WHAT YOU ARE ASKED TO DO:
Using the data that follows, output only the lines from the line with "16921747101669" up to and including the line with "Предварительный просмотр 15", exactly, leaving pictures aside.

DATA SHOWN:
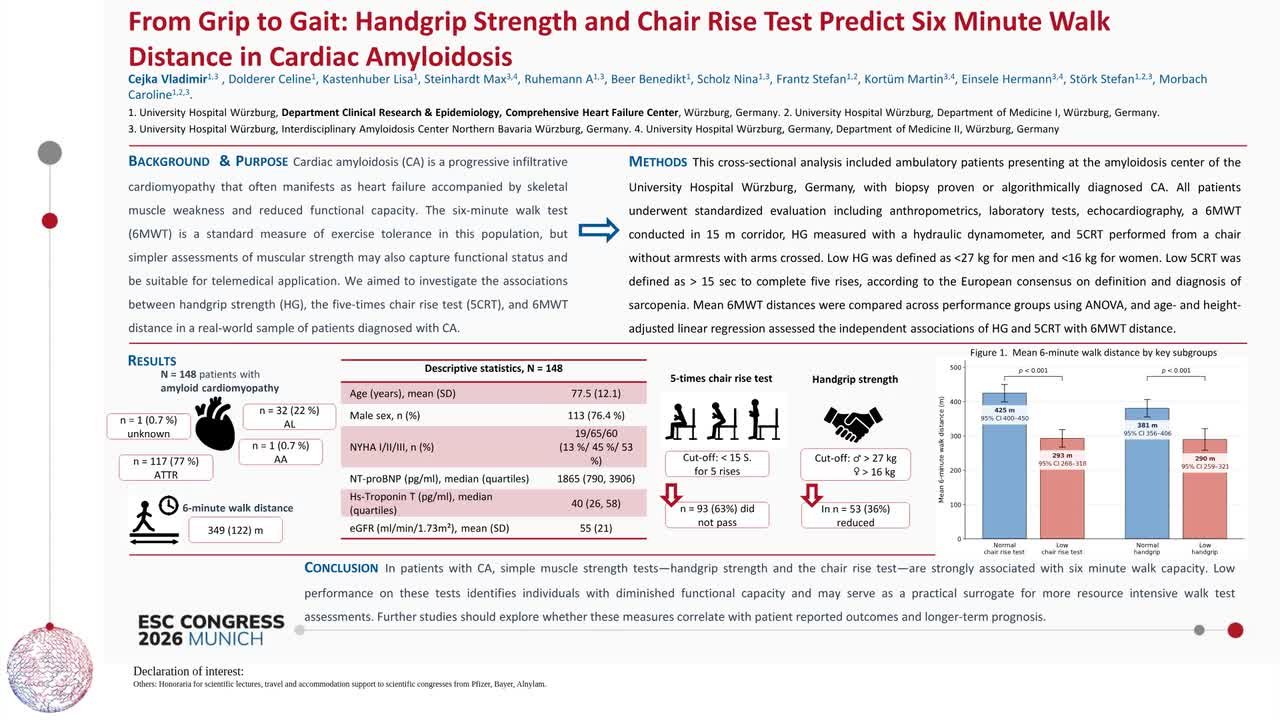 From grip to gait: handgrip strength and chair rise test predict six minute walk distance in cardiac amyloidosis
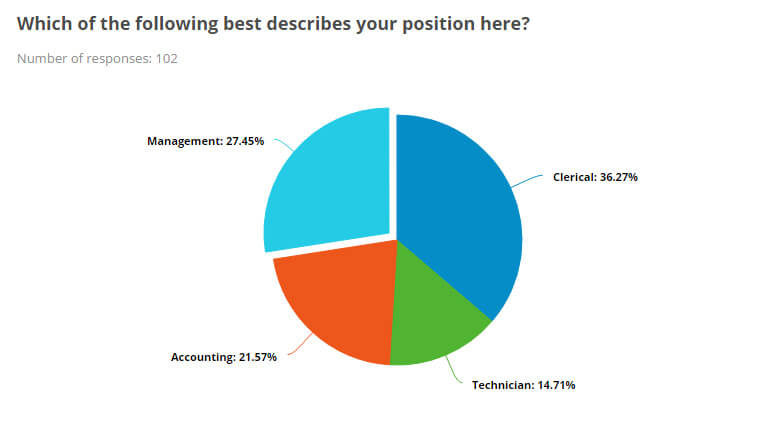 Pie Chart
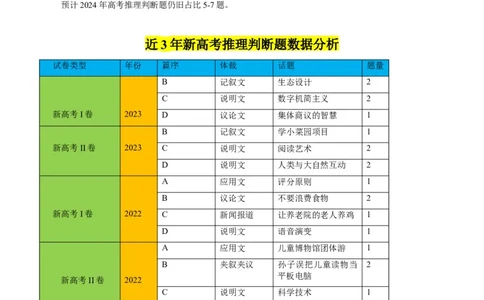 重难点01阅读理解推理判断题-2024年高考英语热点&middot;重点&middot;难点专练（新高考专用）（解析版）_03高考英语_新高考复习资料_2024年新高考资料_专项复习资料_重点难点练
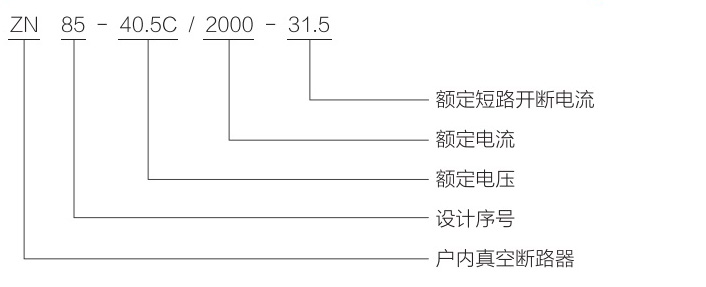 1692174710166979.jpg ZN85-40.5户内高压真空断路器-2.jpg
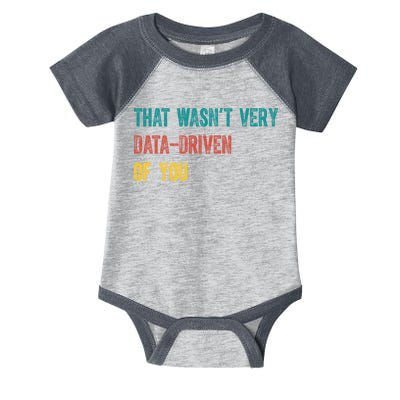 That Wasn’T Very Data Driven Of You Infant Baby Jersey Bodysuit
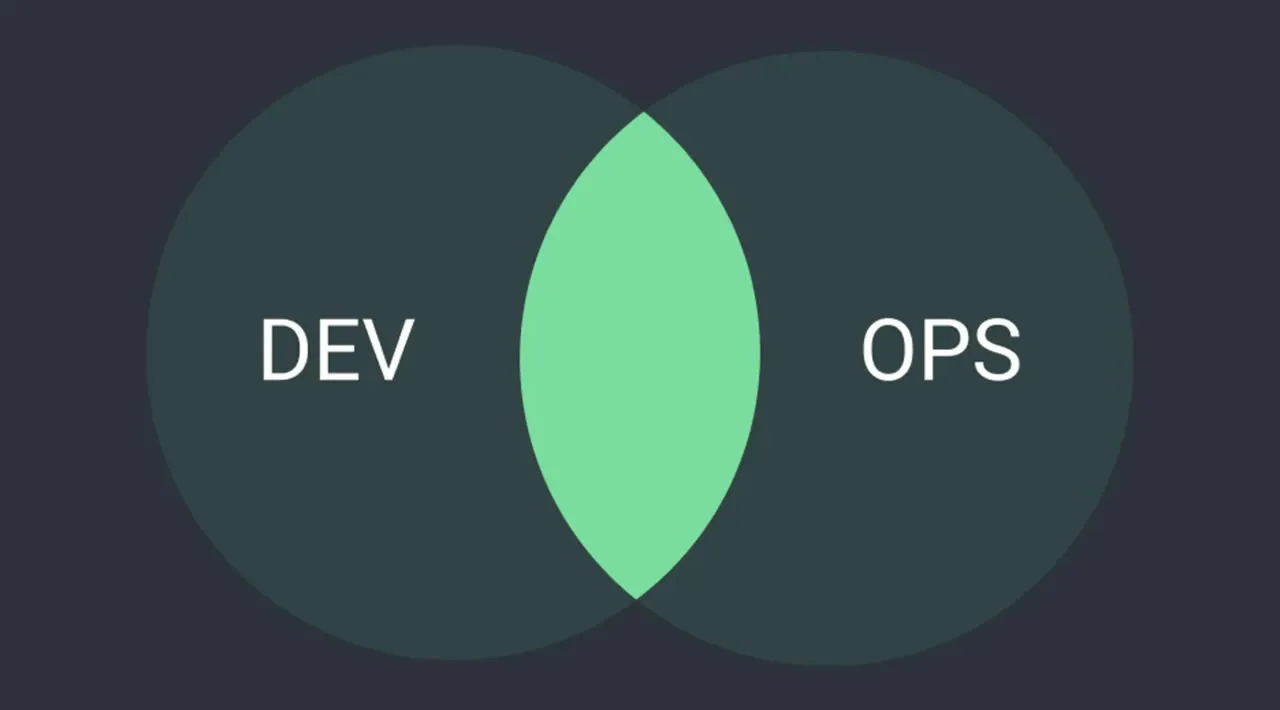How to Ensure the Success of DevOps in Your Organization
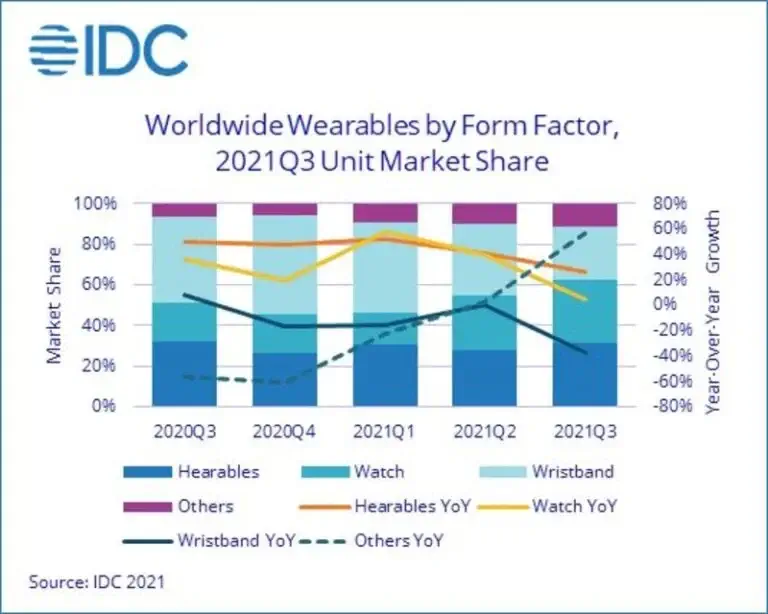 رشد سهام اپل و هوآوی در بازار گجت های پوشیدنی 2 Wearables Market Share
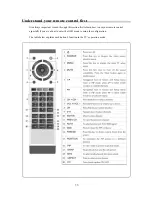 Предварительный просмотр 15 страницы SOYO Dymond DYLT037A Operating Instructions Manual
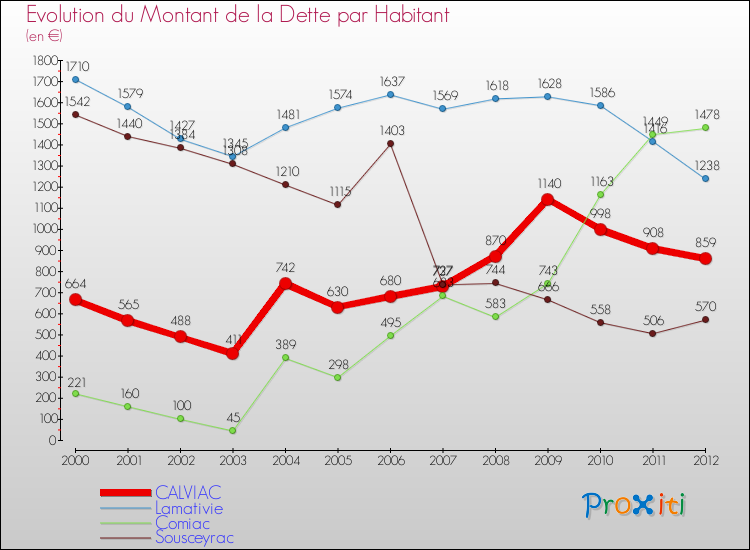Evolution de la dette par habitant pour la commune de CALVIAC et les communes proches de 2000 à 2012 Comparaison de la dette par habitant pour CALVIAC et les communes voisines de 2000 à 2012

REPLY TO THE EXERCISE:
 1692174710166979.jpg ZN85-40.5户内高压真空断路器-2.jpg
 That Wasn’T Very Data Driven Of You Infant Baby Jersey Bodysuit
How to Ensure the Success of DevOps in Your Organization
 رشد سهام اپل و هوآوی در بازار گجت های پوشیدنی 2 Wearables Market Share
 Предварительный просмотр 15 страницы SOYO Dymond DYLT037A Operating Instructions Manual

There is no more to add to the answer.